Elisabet O. Orville
We are warmblooded (homeothermic) creatures who have to expend a fair amount of energy to maintain our temperatures at about 37°C. When we are slightly cold the smooth muscles of our arterioles contract, preventing heat loss from the blood; if that doesn’t help we start shivering and when all else fails we produce thyroid hormones which cause food to be burned. We also have layers of fat (more in some of us than others) which insulate us. When we are too warm our arterioles dilate releasing heat and we also sweat.

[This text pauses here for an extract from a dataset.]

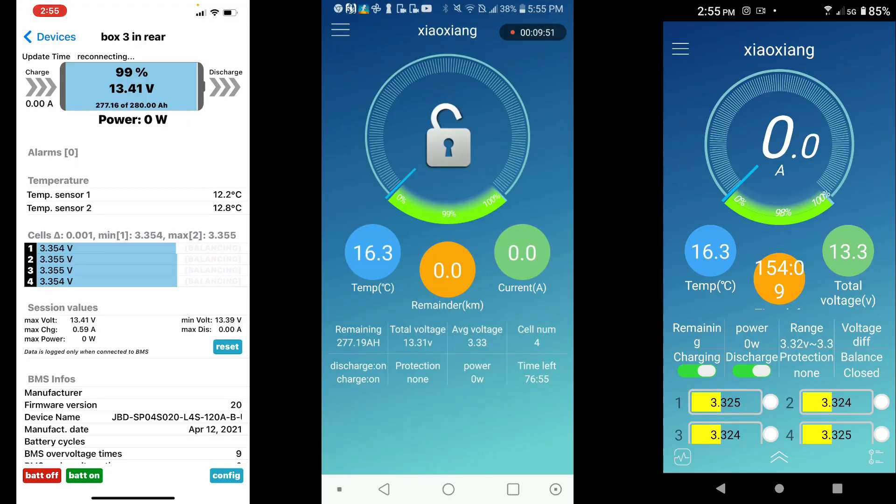Quick update: I found a free iOS version that lets you monitor all your BMS units from one screen. Before, I had to go screen to screen, but this application avoids that — and it's zero dollars. I'll have the link for you in the video. Thanks, make it a great day, and we'll see you on the next video!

Staying warm is no problem for the fetus; its mother’s body provides the necessary heat. In fact because of the high metabolic rate of the fetus and the placenta, the fetus tends to be about 0.5°C warmer than its mother so that heat is released to her. As a result pregnant women often feel warmer than usual.
Once the fetus is born its thermal free ride is over. It is forced, wet and naked, out of its warm intrauterine environment into a cold delivery room. Its body temperature may quickly drop a few degrees because it is lacking some of the adult devices for keeping warm. The newborn does not have a well-developed shivering mechanism and its layer of fat may be quite thin. It also has another handicap: its volume is about five percent of that of an adult but its surface area is fifteen percent (Niswander, 1976).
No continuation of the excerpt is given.